Hi, I am using Arima genomics pipeline for Hi-C data to make scaffolds for the assembled contigs. So I ran this given command on slurm. My input files representing the abc_f1.filter.bam
and abc_f2.filter.bam
are 42GB and 43 GB, respectively. My assembled contigs file (abc_assembly.hic.p_ctg.fasta
) is 1.65 GB. After combining and quality check command, the output file (abc_combine2.bam
) has the size 72MB after 2 hours of running the code. I have also shared the log file tail part and there is no error in this. Actaully, there is no error in the code, can I say my output file is fine for the next step?
#!/bin/bash
#
#SBATCH --job-name=combine
#SBATCH --output=combine.%j.out
#SBATCH --partition=batch
#SBATCH --cpus-per-task=32
#SBATCH --time=25:00:00
#SBATCH --mem=200G
MAPQ_FILTER=10
module load samtools/1.16.1 perl/5.38.0/intel2022.3
export PATH=~path/arima_yahs/arima_pipeline/:$PATH
two_read_bam_combiner.pl abc_f1.filter.bam abc_f2.filter.bam samtools $MAPQ_FILTER | samtools view -bS -t abc_assembly.hic.p_ctg.fasta - | samtools sort -@ 32 -o abc_combine2.bam
here is the tail view of log file
413000000
414000000
415000000
416000000
417000000
418000000
419000000
420000000
421000000
422000000
[bam_sort_core] merging from 0 files and 32 in-memory blocks...

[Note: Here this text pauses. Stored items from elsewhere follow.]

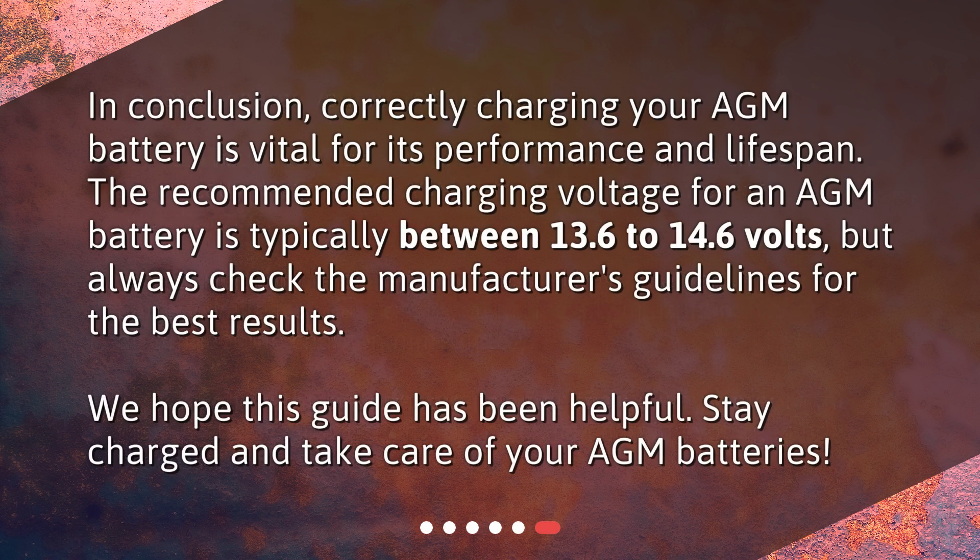In conclusion, correctly charging your AGM battery is vital for its performance and lifespan. The recommended charging voltage for an AGM battery is typically between 13.6 to 14.6 volts, but always check the manufacturer's guidelines for the best results. We hope this guide has been helpful. Stay charged and take care of your AGM batteries.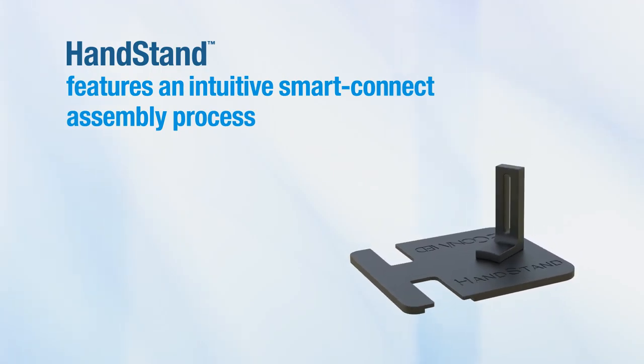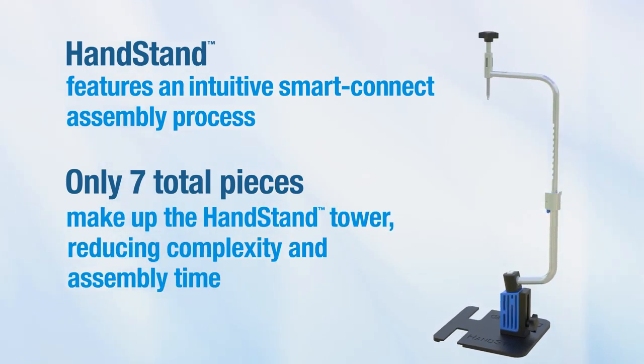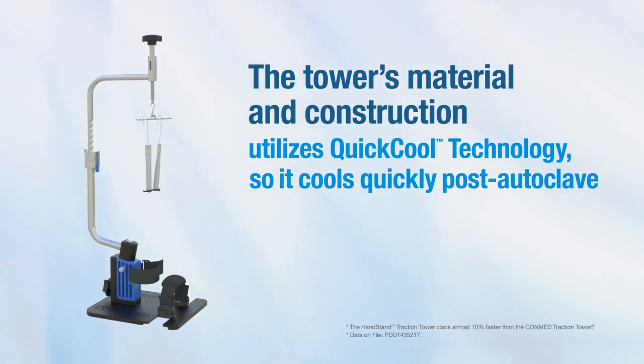Handstand features an intuitive Smart Connect assembly process. Only seven total pieces make up the Handstand Tower, reducing complexity and assembly time. The tower's material and construction utilizes quick-cool technology, so it cools quickly post-autoclave.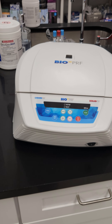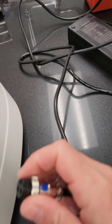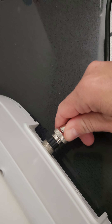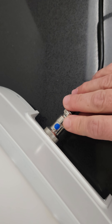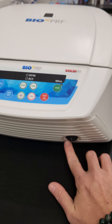Quick overview on how to set up your BioPRF horizontal centrifuge. The first thing you want to do is plug in the power cord. This end has a notch and that notch is going to go facing up right into the back here. It should slide right in smoothly. Also notice the blue dot on the top there facing up. Once that's screwed in all the way, you can plug this into the wall and then turn on your centrifuge right here.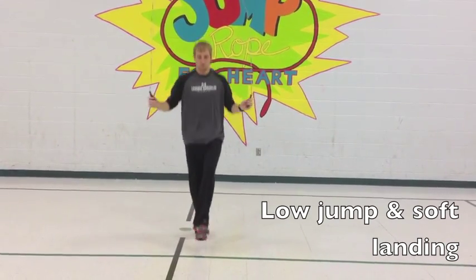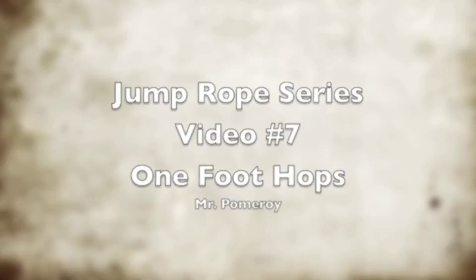Kids love doing this one, and they can be very successful at it. And there's video number 7, One Foot Hops.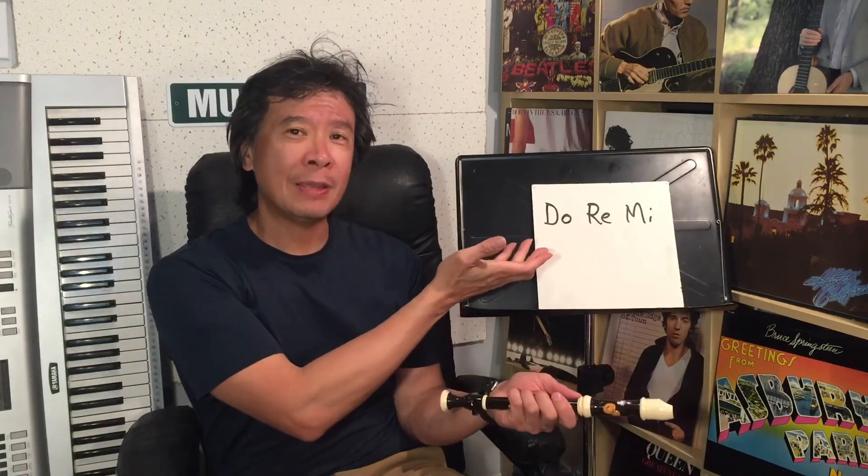Hello, welcome back to another music video lesson on the recorder. Today we're going to do a song called Do Re Mi. You might know this song — it came from a family classic movie called The Sound of Music. You might remember the music from it. There's a song where the words go like: 'Do, a deer, a female deer. Ray, a drop of golden sun.' Okay, great tune!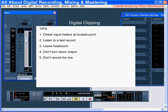Thus, it's important to set your levels carefully before you get started. Listen, listen, listen. Your output, despite the amazing plug-ins that most digital audio workstations lay at your fingertips, can only be as good as your input. And this concludes our tutorial about digital clipping.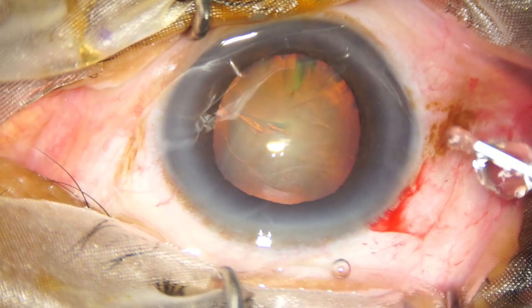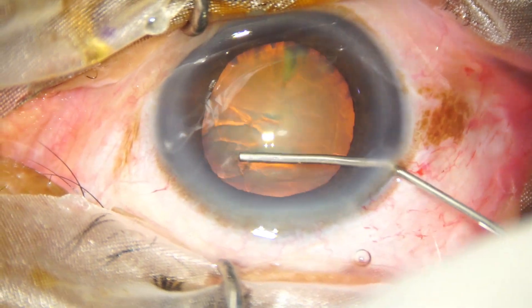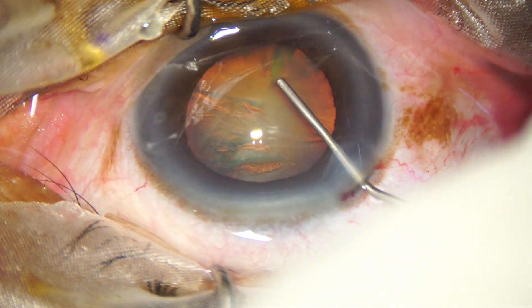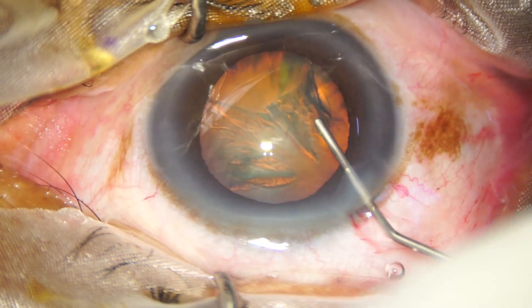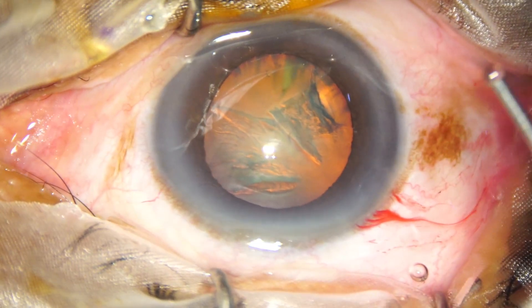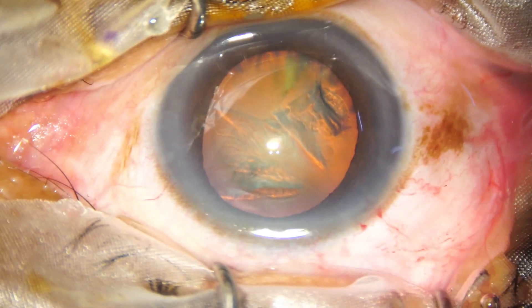Now, hydrodissection is done with BSS using a 27-gauge cannula. The pupil is constricting and dilating, so there is some floppiness of the iris.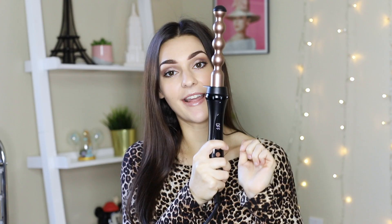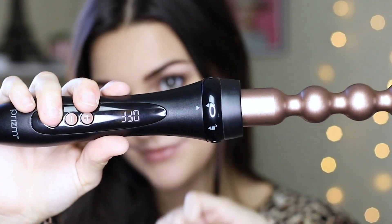Attaching your curling wand to its base is actually super simple. All you have to do is match up the threads here to each other, just pop it in like that, and then there's going to be a lock here and you twist it to make sure that it stays in place and doesn't fall out.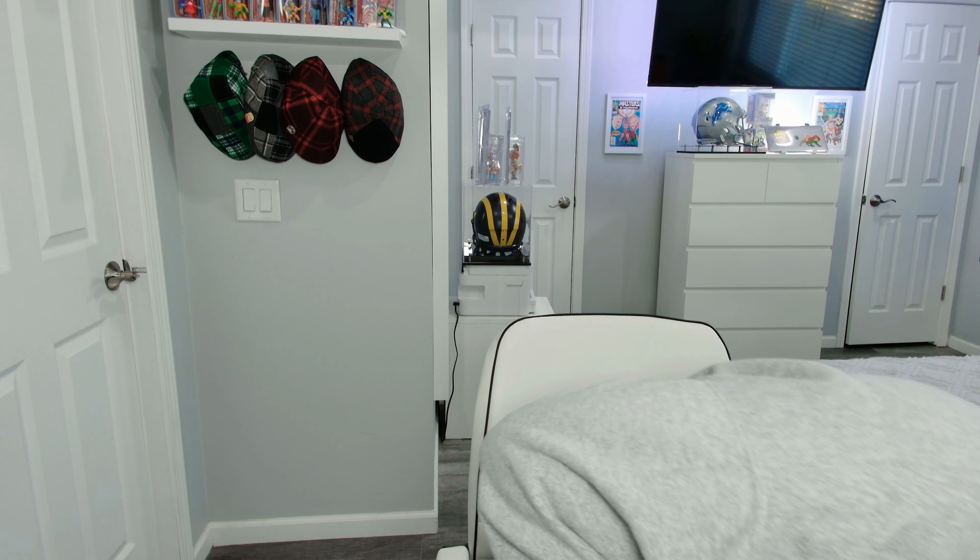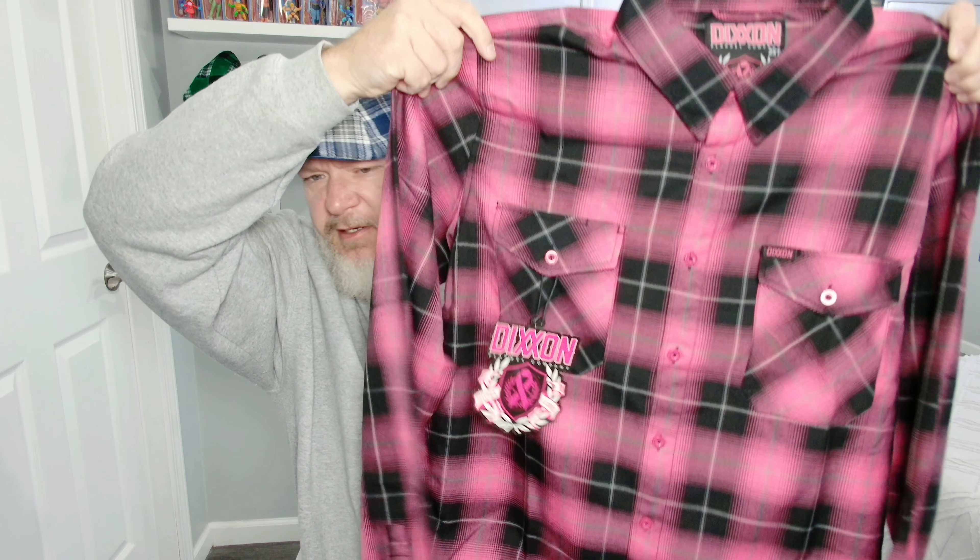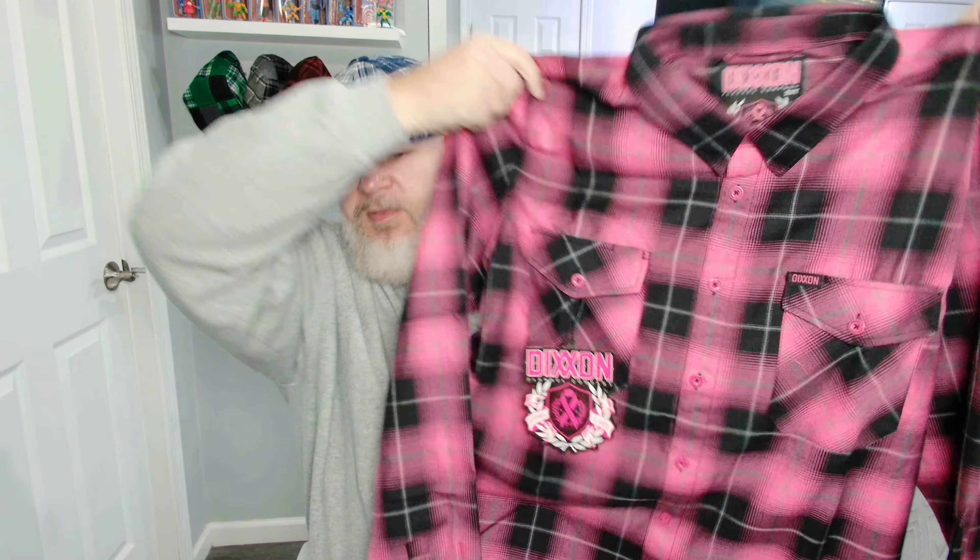I missed out on the first two because my phone wasn't charged, but luckily they released another one and I was able to snag it. I really wanted the pink and gray one but didn't get lucky. I did get a different size this time — a 2XLT rather than a 3XL. Here is the shirt: pinks and blacks, really nice. Got the two extra large tall.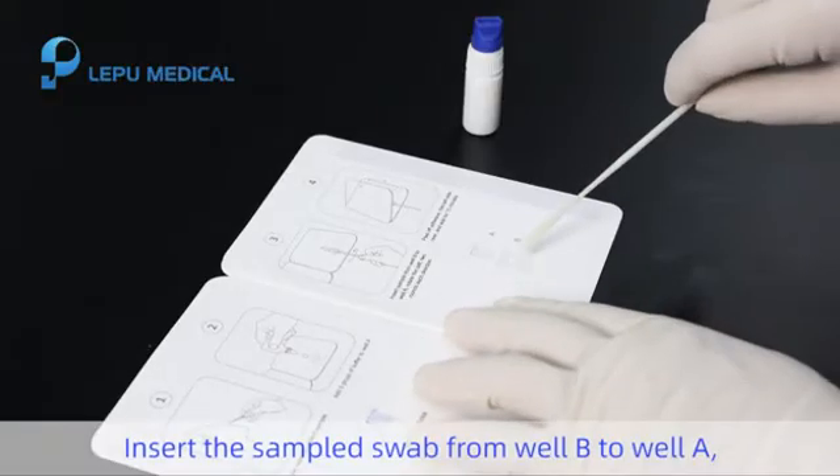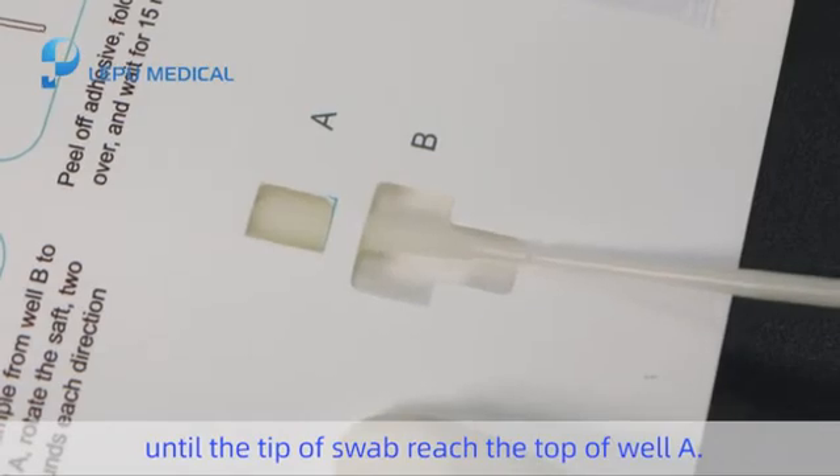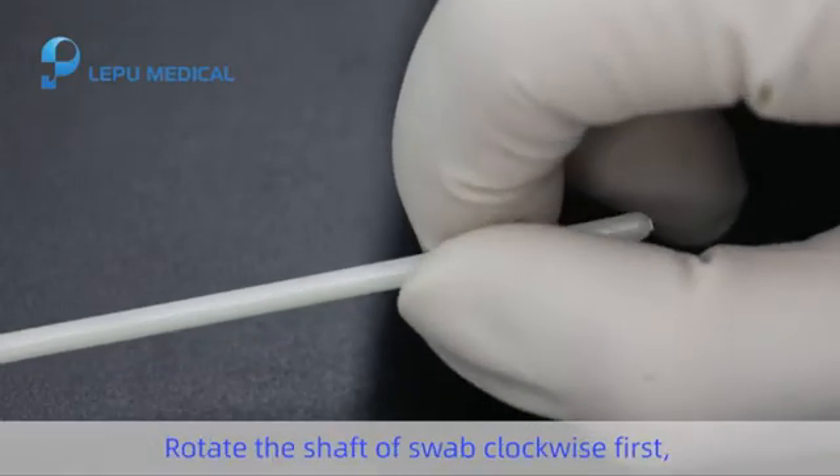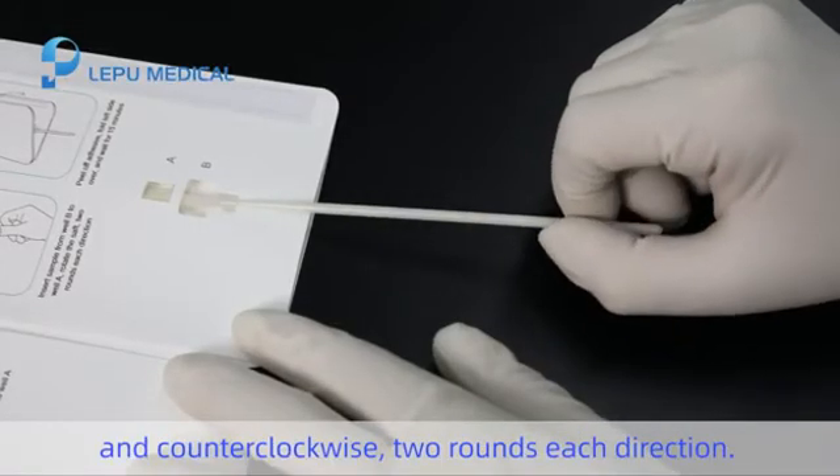Step 4. Insert the sample swab from well B into well A until the tip of the swab reaches the top of well A. Rotate the shaft of the swab clockwise first and then counterclockwise, two rounds each direction.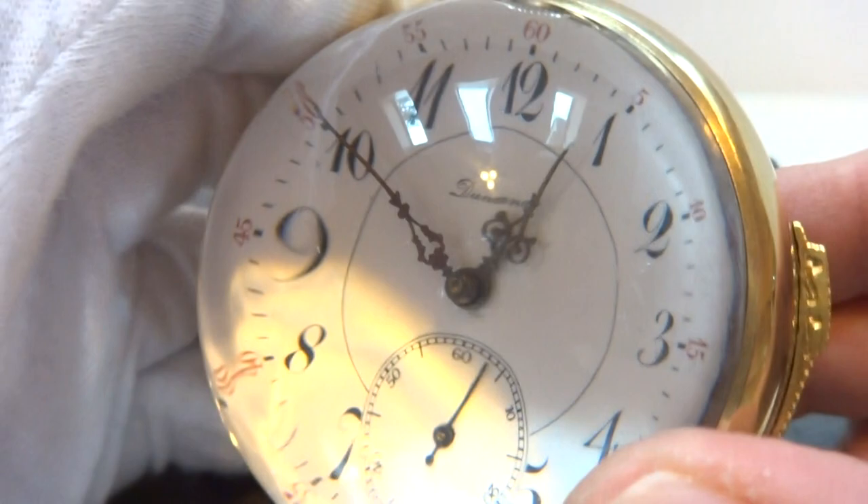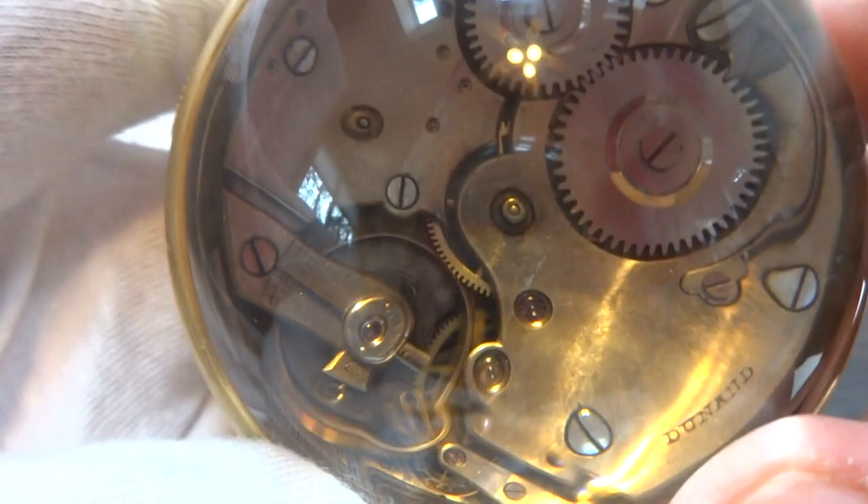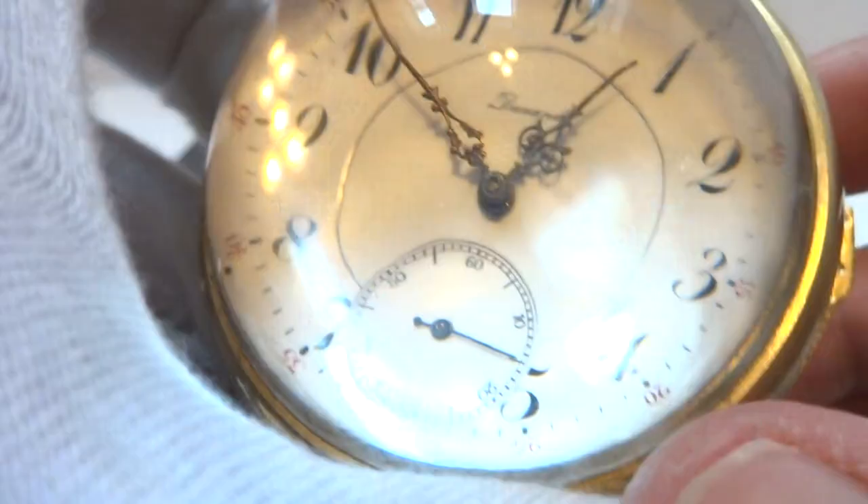I'm making a short video to demonstrate this antique quarter repeating glass ball clock. Very cool. You can see the movement working from the back. Beautiful dial — it's really a very pretty clock.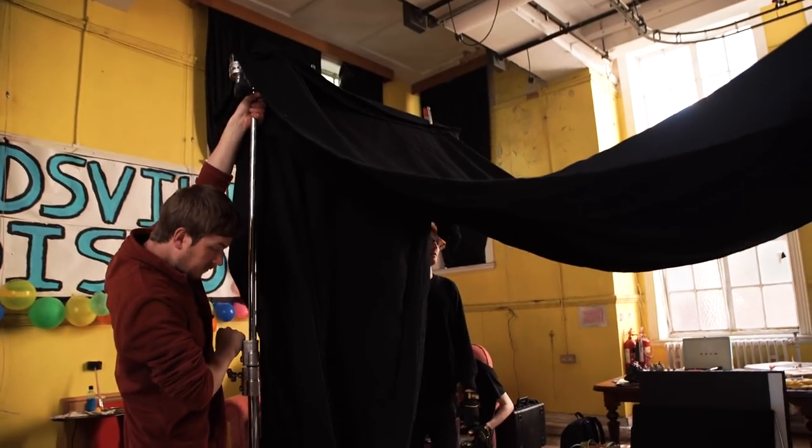Recently we bought a load of blackout curtains and you wouldn't believe how useful they've been when making films and content for this channel. Today we're going to show you how we've been using them and how to roll them up like a burrito to store them. Welcome to the Film Look.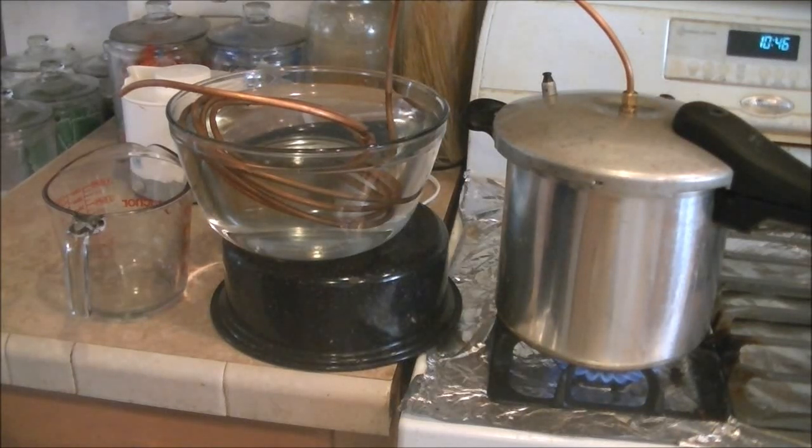This setup will make about four cups in one hour. If you ran it day and night, that would be about 16 gallons in 24 hours, and that's pretty good.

I shall be grateful to you.
Since this is set to 10 one guess is that is some how excluding/filtering a large number of alignments.
What do you suggest here? Should I remove this
MAPQ_FILTER=10
parameter to get all alignments?I don't know what else the perl script is doing but that would be worth a try.
here is the script of two_read_bam_combiner.pl
Did you try the script without the filter? Did that restore the alignments in final file.
I did not try this option. I try this and will share if get some good results.